Piers Anthony has written several series, including:

  • Xanth, mostly set in a world of magic and puns about the size and shape of Florida (both the world and the puns).
  • Incarnations of Immortality, where being an Anthropomorphic Personification is just a job.
  • The Apprentice Adept series, about two mirror worlds; one hi-tech, one magical.
  • The Bio of a Space Tyrant, about the titular tyrant's rise from refugee to supreme power in a Sci-Fi Counterpart Culture based on Earth in The '80s.
  • The Cluster series, where all Faster-Than-Light Travel is done through possessing aliens.
  • The Mode series, which is about characters traveling across dimensions—each of which has fundamentally different rules—on foot. (Literally, every ten meters they are in a new dimension they could not see before, stepping across the boundary is very dangerous, and they'd have to do this for hundreds or thousands of dimensions before reaching a (hopefully) stable "anchor" dimension).
  • The Battle Circle trilogy; about the conflicts between a heavily ritualized warrior culture and a hidden technocratic culture in a post-apocalyptic Earth.
  • The Jason Striker series, co-authored with Roberto Fuentes, which had a Fair for Its Day depiction of martial arts as a mix between a highly technical sport and mystical mumbo-jumbo.
  • Of Man and Manta, a trilogy of science fiction stories exploring the nature of sentience and human interaction with Starfish Aliens, Energy Beings and intelligent animals across several worlds and parallel universes.

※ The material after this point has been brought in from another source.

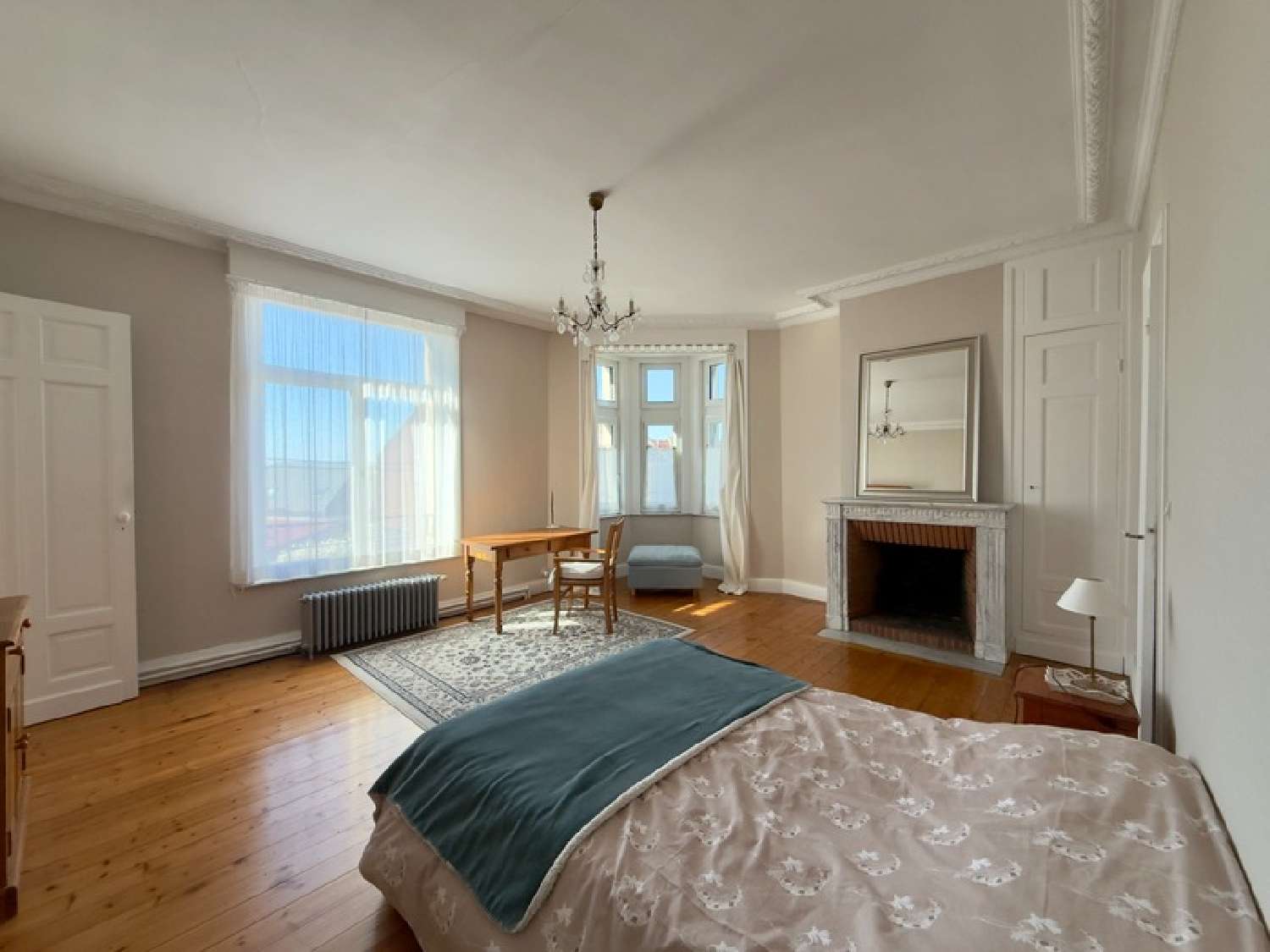  for sale mansion Deûlemont Nord 7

He's also written many stand alone novels and collaborations. His story "In the Barn" was included in Harlan Ellison's anthology Again, Dangerous Visions.

There's also an official website run by him; parts of it can be considered an extension of the "Author's Notes" he places in many of his books, which makes it a journal/blog/something...


Works by Piers Anthony with their own page include:

His other works include examples of:

  • Author Appeal:
  • Author Filibuster: A variant: Anthony concludes most of his novels with a chapter-long "Author's Note" in which he writes about the novel itself, what happened in his life while writing the novel, and whatever else he feels like. (See Also: the monthly newsletter on his 'official website'.)
  • "Be Quiet!" Nudge: Happens a few times in a form of a kick.
  • Best Her to Bed Her: In Bio of a Space Tyrant, in order to form an alliance with Space Pirates, Hope Hubris, the Navy Commander, must wed Rue, the daughter of the Pirate leader. However, being pirates, the "marriage ceremony" consists of the "groom" kidnapping and "having [his] way with" the prospective bride. While this is usually done in a "ceremonious" manner (since the marriage partners are the ones often wanting the union), the daughter in this case had already killed three earlier suitors. She took it literally. Luckily, Hope wins in the end.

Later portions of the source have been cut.